2009-02-24 Thread erik quanstrom
  cfork is ~525 lines long and seems to take the curious tack of
  forking all the lwps associated with a process. 
 
 that would be forkall(), not fork1()/fork()

my mistake.  i assumed that since isfork1 was
a flag, that it was not the normal path through
the code.  silly me.

so where's the mythical accounting?

- erik



Re: [9fans] Calling vac from C

2009-02-24 Thread Roman V. Shaposhnik
On Tue, 2009-02-24 at 11:22 -0500, erik quanstrom wrote:
   cfork is ~525 lines long and seems to take the curious tack of
   forking all the lwps associated with a process. 
  
  that would be forkall(), not fork1()/fork()
 
 my mistake.  i assumed that since isfork1 was
 a flag, that it was not the normal path through
 the code.  silly me.
 
 so where's the mythical accounting?

It could have been the old accounting. Solaris 10
changed a lot of that and made things like microstate
accounting on by default, thus, possibly eliminating
the kind of bottlenecks the instructor was referring
to. More on that here:
   http://blogs.sun.com/eschrock/entry/microstate_accounting_in_solaris_10

Thanks,
Roman.





Re: [9fans] Calling vac from C

2009-02-24 Thread erik quanstrom
 It could have been the old accounting. Solaris 10
 changed a lot of that and made things like microstate
 accounting on by default, thus, possibly eliminating
 the kind of bottlenecks the instructor was referring
 to. More on that here:
http://blogs.sun.com/eschrock/entry/microstate_accounting_in_solaris_10

data would be helpful.  nobody here has shown any version
of solaris to be slow forking, much less that it is slow
forking because of accounting.  my dimly-remembered
data support the conclusion that the now-ancient 670mp
had a poor mmu, not that solaris was good or bad.
i couldn't find rob's original email online, so i put it up.
http://www.quanstro.net/plan9/p9fork.txt

- erik



Re: [9fans] Calling vac from C

2009-02-23 Thread Ben Calvert

On Fri, 20 Feb 2009, erik quanstrom wrote:


On Fri Feb 20 11:18:41 EST 2009, urie...@gmail.com wrote:

One of the main costs of dynamic linking is making fork much slower.
Even on linux statically linked binaries fork a few magnitude orders
faster than dynamically linked ones.

The main source of anti-fork FUD turns out to be the alleged
'solution' to a problem that didn't exist until the geniuses at Sun
decided dynamic linking was such a wonderful idea.

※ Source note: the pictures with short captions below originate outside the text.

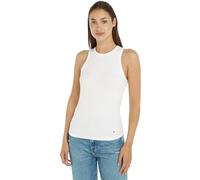 Tommy Hilfiger Women’s Slim Rib Stretch Tank Top, White (Ecru), L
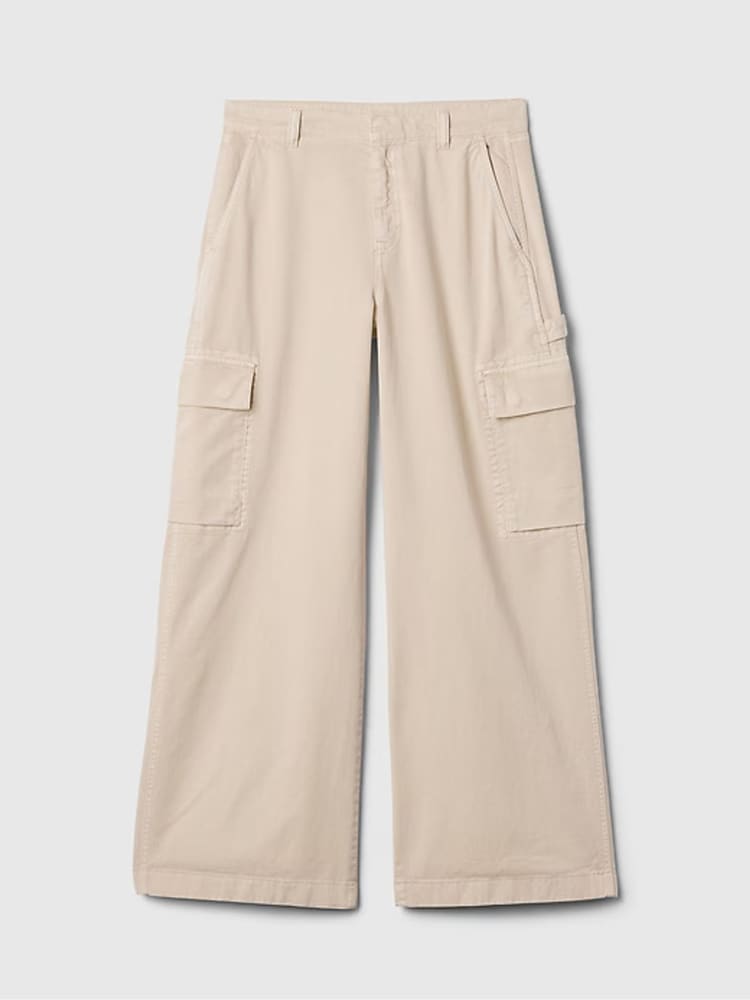 Gap Beige Mid Rise Cotton Baggy Cargo Trousers - Image 6 of 6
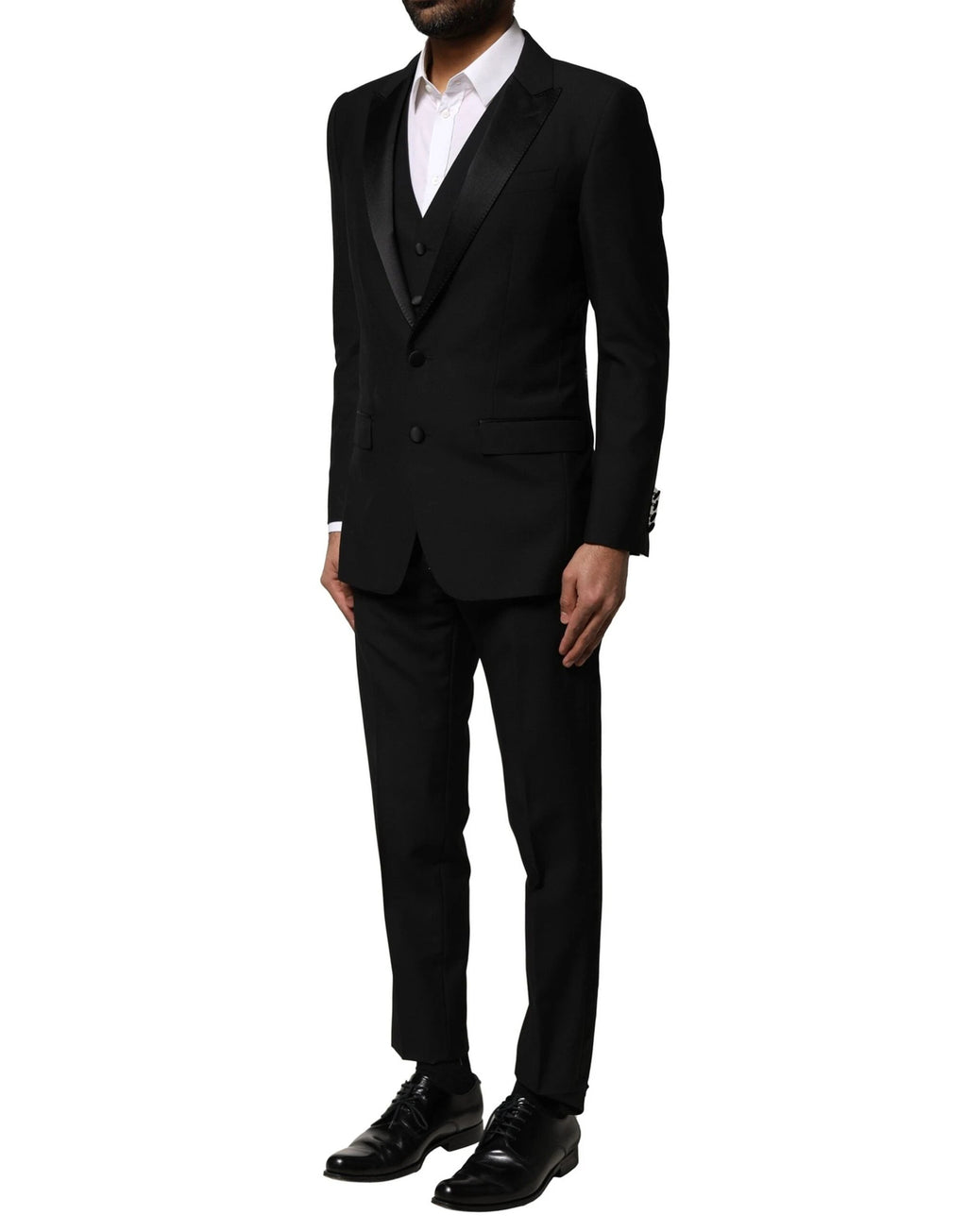 Dolce & Gabbana Black Wool 3 Piece Single Breasted Suit by Dolce & Gabbana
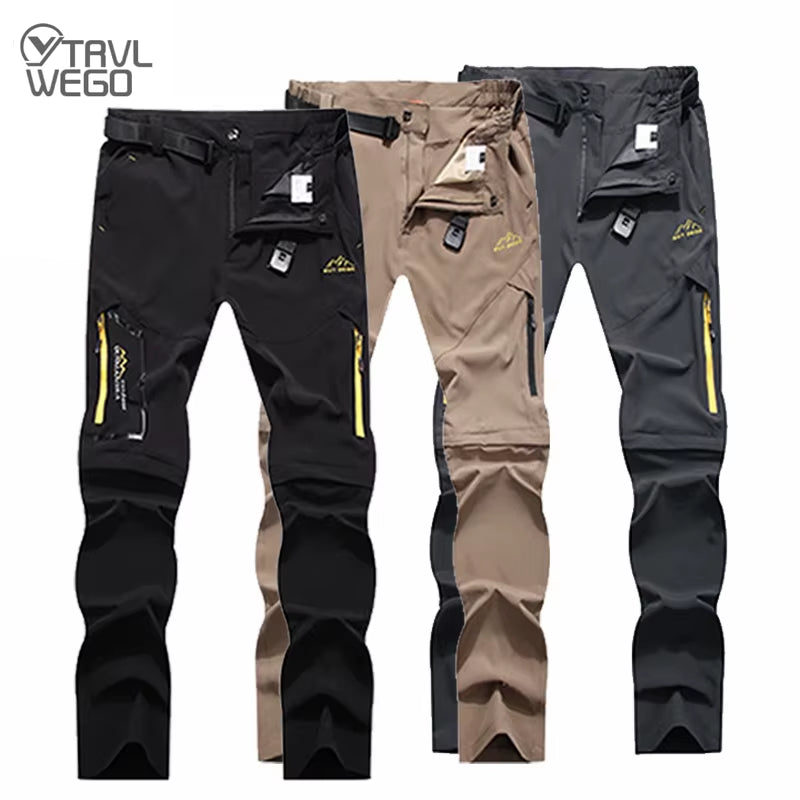 Men'S Camping Hiking Pants Trekking High Stretch Summer Thin Waterproof Quick Dry Uv-Proof Outdoor Travel Trousers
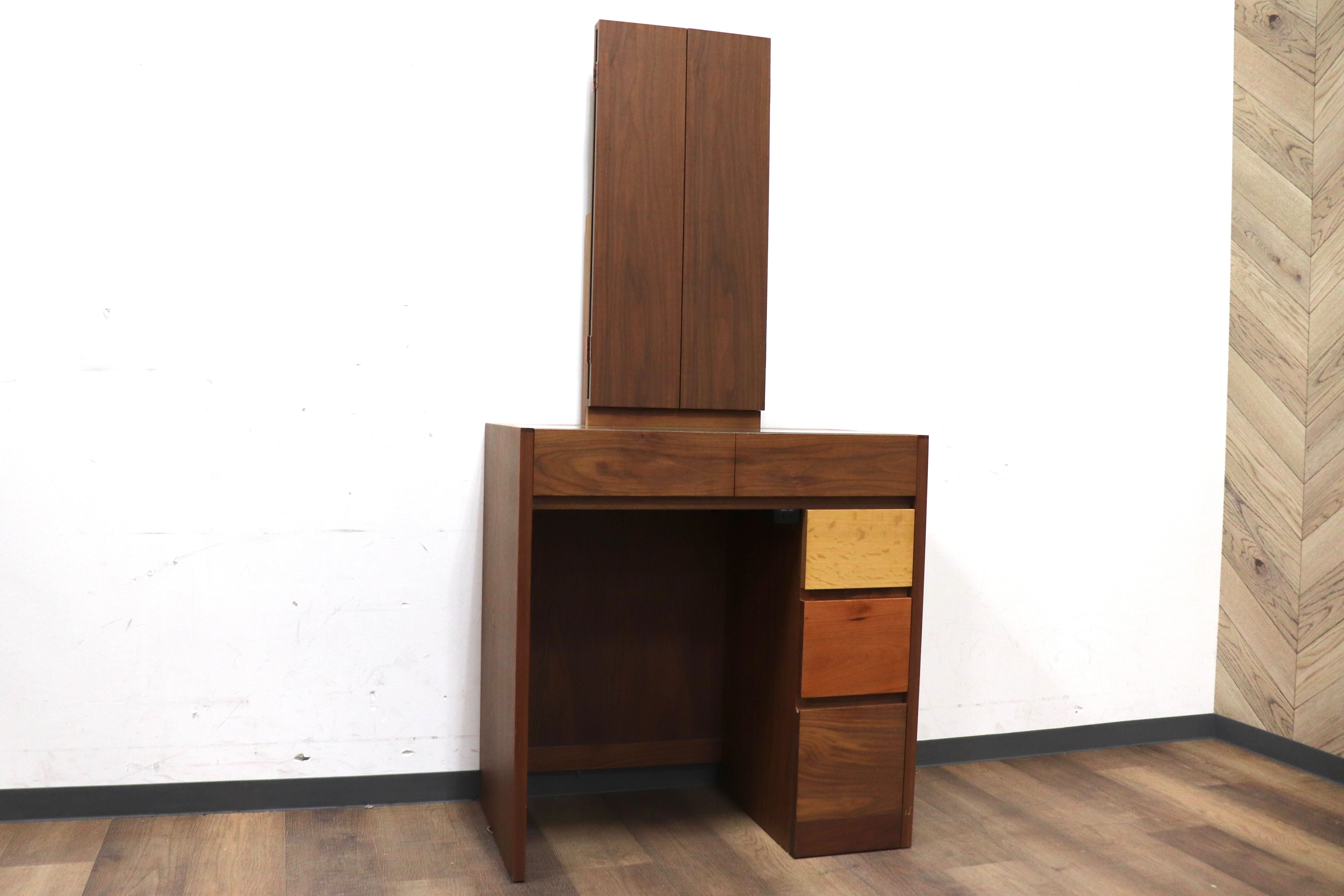 GMHS287○杉本家具 / SUGIMOTO Furniture シンシア ドレッサー 三面鏡 化粧台 鏡台 ウォールナット 楢 ブラックチェリー 定価約13万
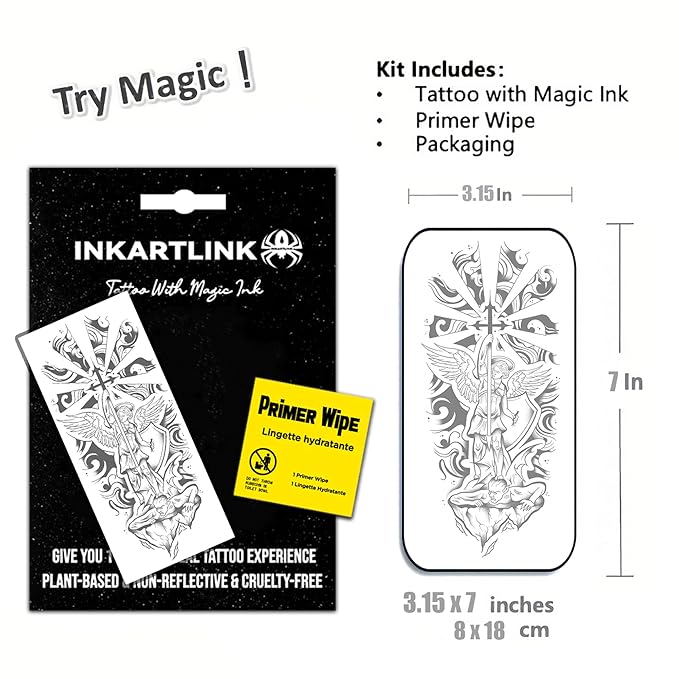 INKARTLINK Semi Permanent Tattoo, party tattoo, beautiful and realistic design, fun tattoo experience, cruelty-free, non-reflective, waterproof (Angel of Justice)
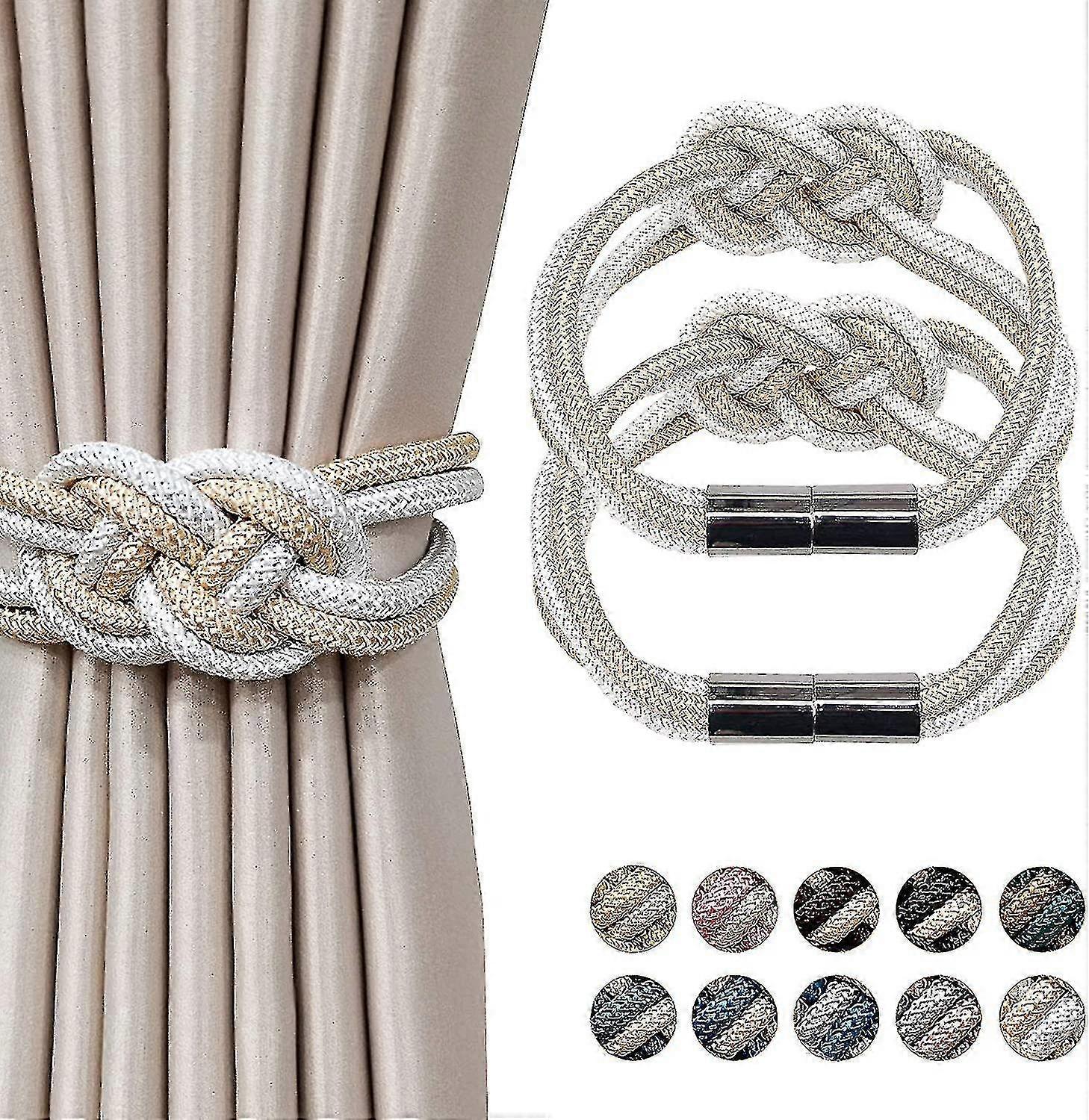 2Er Pack Starke magnetische Vorhang Krawatten-beige und weiß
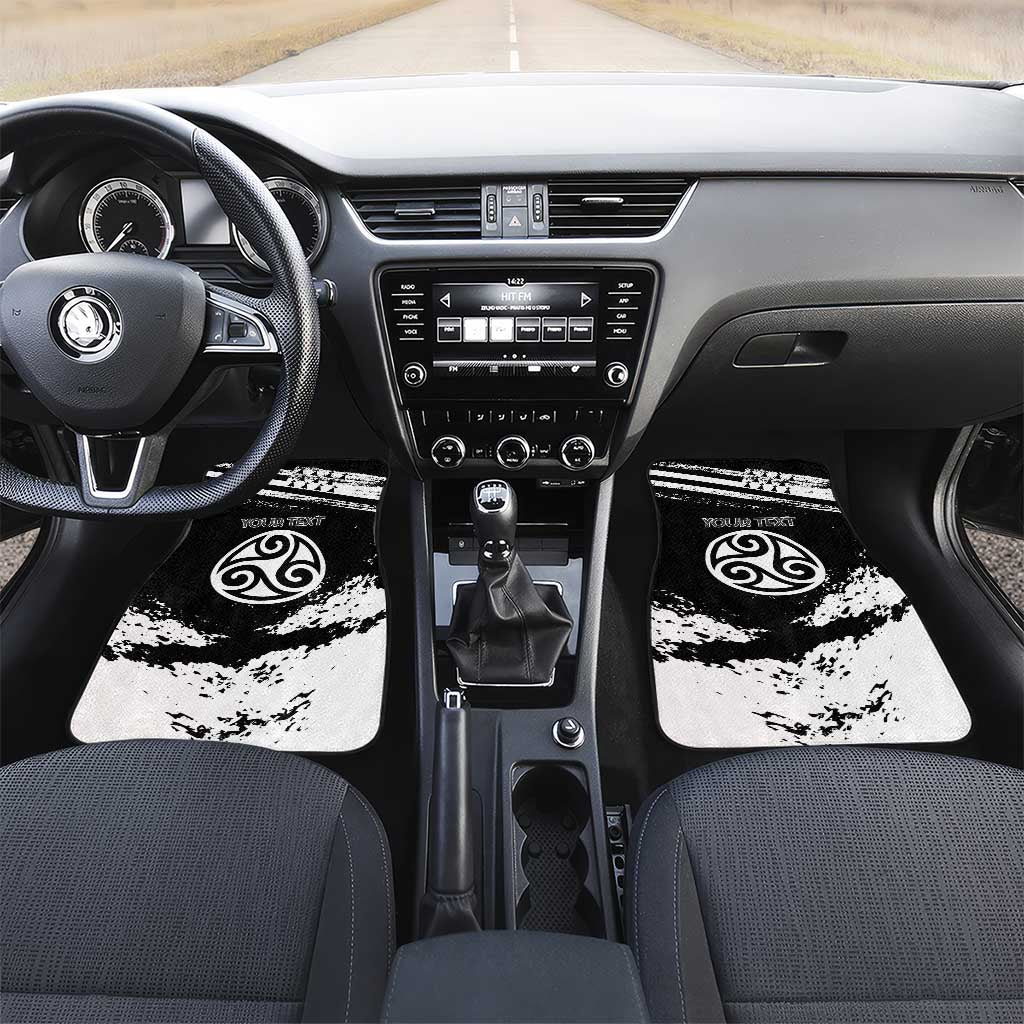 Brittany Car Mats Coat Of Arms With Triskelion - Grunge Style - Wonder Print Shop
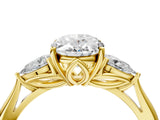 Yellow gold Three-Stone Oval Cut Diamond Ring with Pear  Side Stones in Four-Prong Setting_22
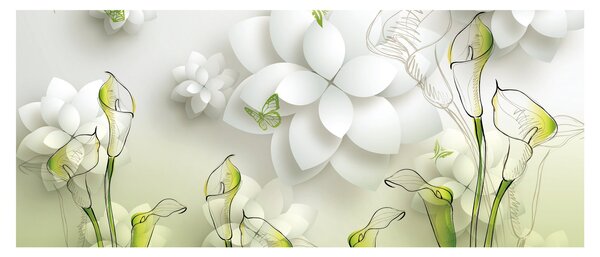 Tablou cu flori (120x50 cm)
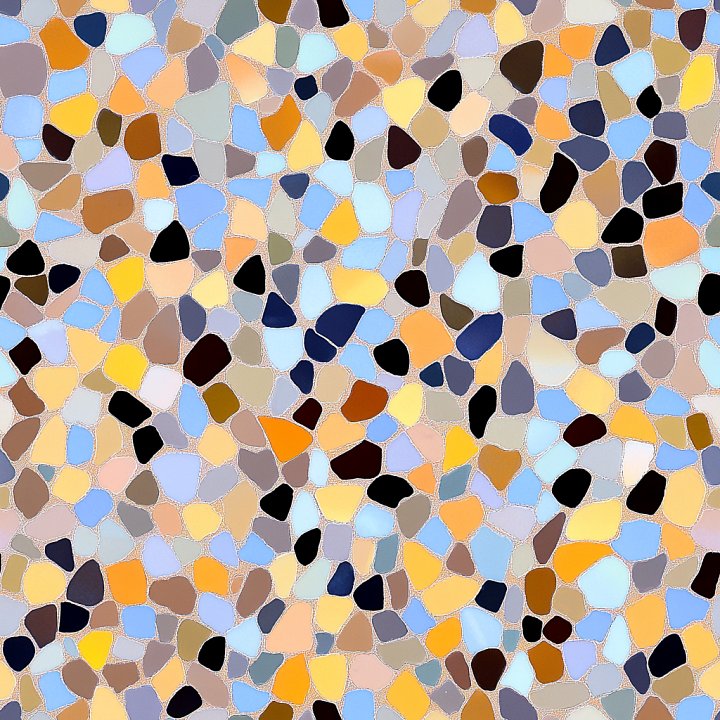 Mosaic Featuring Irregular Colorful Stone Tiles with Matte Finish seamless PBR texture preview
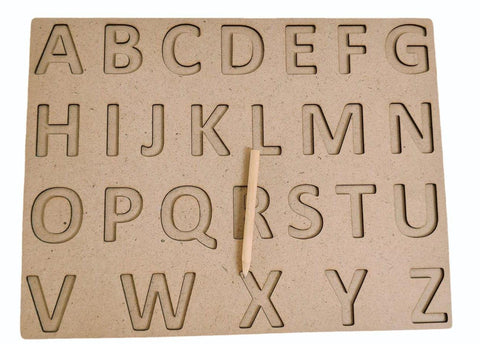 Wooden Upper case Alphabet Tracing board will be shipped - EKW0284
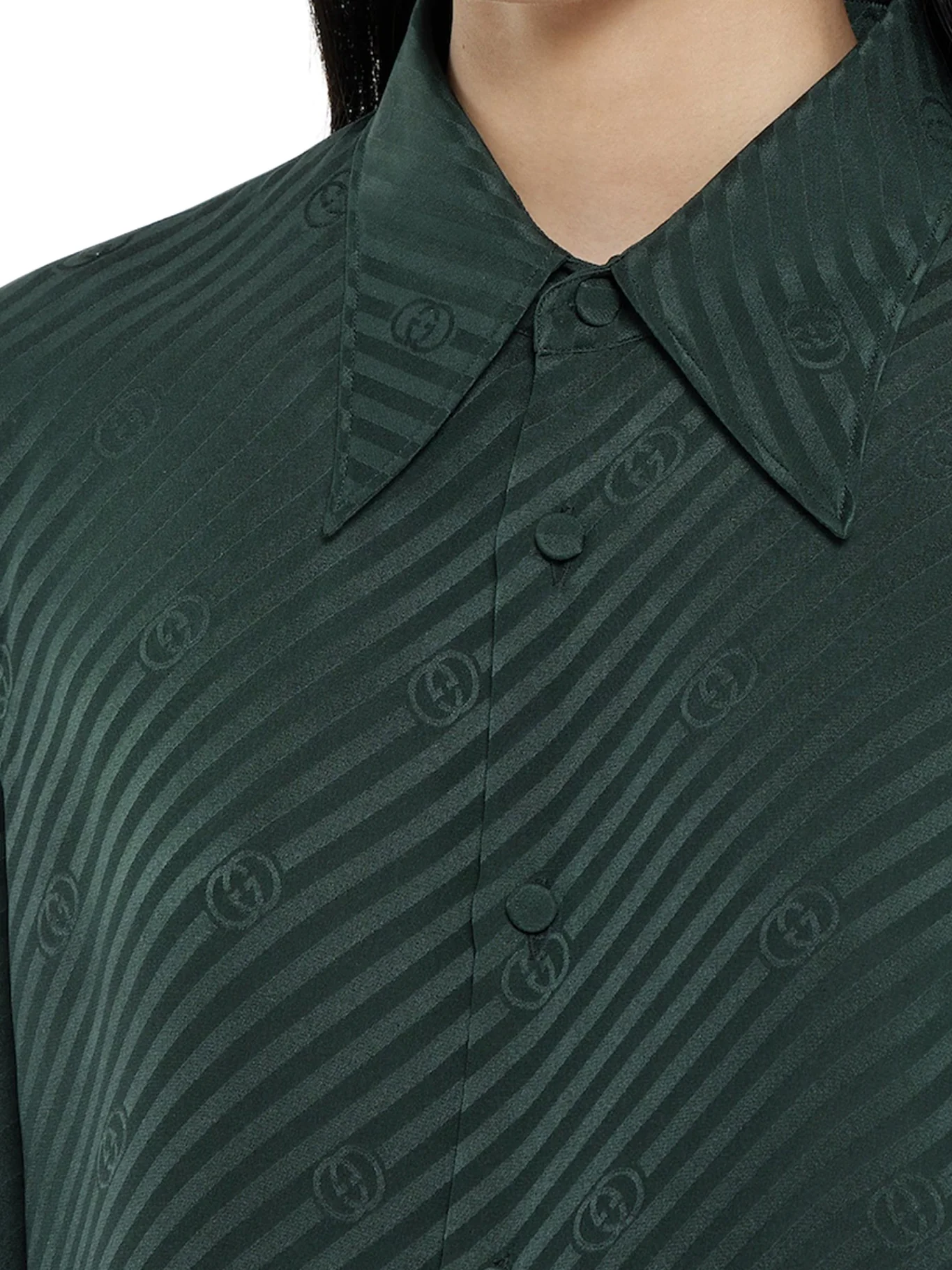 JACQUARD SILK SHIRT WITH GG CROSS - Image 4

very generally, i agree with the direction of your
post.  but i do remember things a bit differently.

iirc, this went the other way 'round.  fork itself
was very expensive on sun hardware in the early
90s if one had some memory mapped.  sun mmus
had issues.  i benchmarked a vax 11/780 vs a sun
670mp.  the 4x50mhz 670mp was scheduled to replace the
1x5mhz (?) vaxen.  the vax forked maybe 10x faster when no
memory was allocated.  however, when a moderate
amount of memory was allocated, the vax pounded
the sun by many (3, i think) of magnitude.


about 5 years ago i took a class on performance tuning Solaris.

The instructor claimed that fork was expensive because accounting is never 
really turned off, just piped to /dev/null.  there is no accounting overhead 
for threads.

I never bothered to verify this, but now that this comes up, I'd tempted.


- erik






Re: [9fans] Calling vac from C

2009-02-20 Thread anooop . anooop
On Feb 19, 8:03 am, quans...@quanstro.net (erik quanstrom) wrote:

 what's wrong with the tools-based approach
 you're currently using?

 this may be hard to believe coming from unix,
 but your approach is what many tools do.  nobody
 links to a tcs library.  one uses the tcs(1)
 executable.

 executables.  god's answer to dynamic linking.

 - erik

just a matter of preference  :-)

I believe that
1) Its too much trouble parsing the output everytime.
2) Calling some function from an included library will be faster.

~Anoop



Re: [9fans] Calling vac from C

2009-02-20 Thread erik quanstrom
 I believe that
 1) Its too much trouble parsing the output everytime.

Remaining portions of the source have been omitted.